Produce an exact transcript of all the records.

Free-text object descriptions
--*--
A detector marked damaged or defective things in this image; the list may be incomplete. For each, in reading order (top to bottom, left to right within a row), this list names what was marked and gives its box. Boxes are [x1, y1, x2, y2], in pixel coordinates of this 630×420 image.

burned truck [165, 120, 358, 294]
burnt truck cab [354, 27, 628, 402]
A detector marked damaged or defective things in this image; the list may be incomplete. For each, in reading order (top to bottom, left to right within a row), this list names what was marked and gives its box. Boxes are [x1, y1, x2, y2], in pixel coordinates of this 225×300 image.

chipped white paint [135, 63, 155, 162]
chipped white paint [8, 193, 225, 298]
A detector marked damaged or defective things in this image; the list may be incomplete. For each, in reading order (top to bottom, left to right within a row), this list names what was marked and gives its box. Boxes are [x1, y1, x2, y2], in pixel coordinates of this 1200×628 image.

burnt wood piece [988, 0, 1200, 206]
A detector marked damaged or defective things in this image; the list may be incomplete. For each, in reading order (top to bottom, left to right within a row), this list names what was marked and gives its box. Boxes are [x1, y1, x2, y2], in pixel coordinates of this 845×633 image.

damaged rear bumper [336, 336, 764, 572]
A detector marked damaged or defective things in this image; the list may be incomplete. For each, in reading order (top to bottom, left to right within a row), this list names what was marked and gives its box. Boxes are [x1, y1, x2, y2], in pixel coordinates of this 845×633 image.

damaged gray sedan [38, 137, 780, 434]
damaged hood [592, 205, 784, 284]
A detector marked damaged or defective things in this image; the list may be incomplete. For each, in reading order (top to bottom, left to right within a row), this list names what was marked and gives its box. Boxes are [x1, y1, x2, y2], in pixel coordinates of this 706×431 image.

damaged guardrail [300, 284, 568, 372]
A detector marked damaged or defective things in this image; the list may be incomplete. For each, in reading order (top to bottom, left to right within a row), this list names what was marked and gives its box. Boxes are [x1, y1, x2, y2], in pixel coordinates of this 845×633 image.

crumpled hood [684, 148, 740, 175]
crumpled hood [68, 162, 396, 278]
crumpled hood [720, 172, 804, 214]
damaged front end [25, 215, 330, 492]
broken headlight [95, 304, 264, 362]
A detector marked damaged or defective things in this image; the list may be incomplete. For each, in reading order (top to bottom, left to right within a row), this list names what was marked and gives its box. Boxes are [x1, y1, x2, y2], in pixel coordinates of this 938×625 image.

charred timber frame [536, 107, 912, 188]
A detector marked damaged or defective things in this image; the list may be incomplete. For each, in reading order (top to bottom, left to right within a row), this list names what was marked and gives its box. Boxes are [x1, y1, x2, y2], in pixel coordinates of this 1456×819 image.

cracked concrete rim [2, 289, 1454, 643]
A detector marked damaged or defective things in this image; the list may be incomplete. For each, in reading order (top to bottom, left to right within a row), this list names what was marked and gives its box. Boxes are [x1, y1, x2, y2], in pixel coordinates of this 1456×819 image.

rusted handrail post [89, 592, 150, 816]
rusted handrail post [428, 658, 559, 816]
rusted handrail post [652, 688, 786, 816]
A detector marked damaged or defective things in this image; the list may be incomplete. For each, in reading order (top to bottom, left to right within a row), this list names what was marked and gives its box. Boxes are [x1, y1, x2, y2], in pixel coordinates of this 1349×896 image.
--*--
SOLUTION TO THIS PROBLEM>
A detector marked damaged or defective things in this image; the list may be incomplete. For each, in reading order (top to bottom, left to right within a row), this list names what was marked and gives its box. Boxes are [x1, y1, x2, y2], in pixel coordinates of this 630×420 image.

burned truck [165, 120, 358, 294]
burnt truck cab [354, 27, 628, 402]
A detector marked damaged or defective things in this image; the list may be incomplete. For each, in reading order (top to bottom, left to right within a row), this list names what was marked and gives its box. Boxes are [x1, y1, x2, y2], in pixel coordinates of this 225×300 image.

chipped white paint [135, 63, 155, 162]
chipped white paint [8, 193, 225, 298]
A detector marked damaged or defective things in this image; the list may be incomplete. For each, in reading order (top to bottom, left to right within a row), this list names what was marked and gives its box. Boxes are [x1, y1, x2, y2], in pixel coordinates of this 1200×628 image.

burnt wood piece [988, 0, 1200, 206]
A detector marked damaged or defective things in this image; the list may be incomplete. For each, in reading order (top to bottom, left to right within a row), this list names what was marked and gives its box. Boxes are [x1, y1, x2, y2], in pixel coordinates of this 845×633 image.

damaged rear bumper [336, 336, 764, 572]
A detector marked damaged or defective things in this image; the list may be incomplete. For each, in reading order (top to bottom, left to right within a row), this list names what was marked and gives its box. Boxes are [x1, y1, x2, y2], in pixel coordinates of this 845×633 image.

damaged gray sedan [38, 137, 780, 434]
damaged hood [592, 205, 784, 284]
A detector marked damaged or defective things in this image; the list may be incomplete. For each, in reading order (top to bottom, left to right within a row), this list names what was marked and gives its box. Boxes are [x1, y1, x2, y2], in pixel coordinates of this 706×431 image.

damaged guardrail [300, 284, 568, 372]
A detector marked damaged or defective things in this image; the list may be incomplete. For each, in reading order (top to bottom, left to right within a row), this list names what was marked and gives its box. Boxes are [x1, y1, x2, y2], in pixel coordinates of this 845×633 image.

crumpled hood [684, 148, 740, 175]
crumpled hood [68, 162, 396, 278]
crumpled hood [720, 172, 804, 214]
damaged front end [25, 215, 330, 492]
broken headlight [95, 304, 264, 362]
A detector marked damaged or defective things in this image; the list may be incomplete. For each, in reading order (top to bottom, left to right within a row), this list names what was marked and gives its box. Boxes are [x1, y1, x2, y2], in pixel coordinates of this 938×625 image.

charred timber frame [536, 107, 912, 188]
A detector marked damaged or defective things in this image; the list may be incomplete. For each, in reading order (top to bottom, left to right within a row), this list names what was marked and gives its box. Boxes are [x1, y1, x2, y2], in pixel coordinates of this 1456×819 image.

cracked concrete rim [2, 289, 1454, 643]
A detector marked damaged or defective things in this image; the list may be incomplete. For each, in reading order (top to bottom, left to right within a row), this list names what was marked and gives its box. Boxes are [x1, y1, x2, y2], in pixel coordinates of this 1456×819 image.

rusted handrail post [89, 592, 150, 816]
rusted handrail post [428, 658, 559, 816]
rusted handrail post [652, 688, 786, 816]
A detector marked damaged or defective things in this image; the list may be incomplete. For each, in reading order (top to bottom, left to right within a row), this list names what was marked and gives its box. Boxes are [x1, y1, x2, y2], in pixel coordinates of this 1349×896 image.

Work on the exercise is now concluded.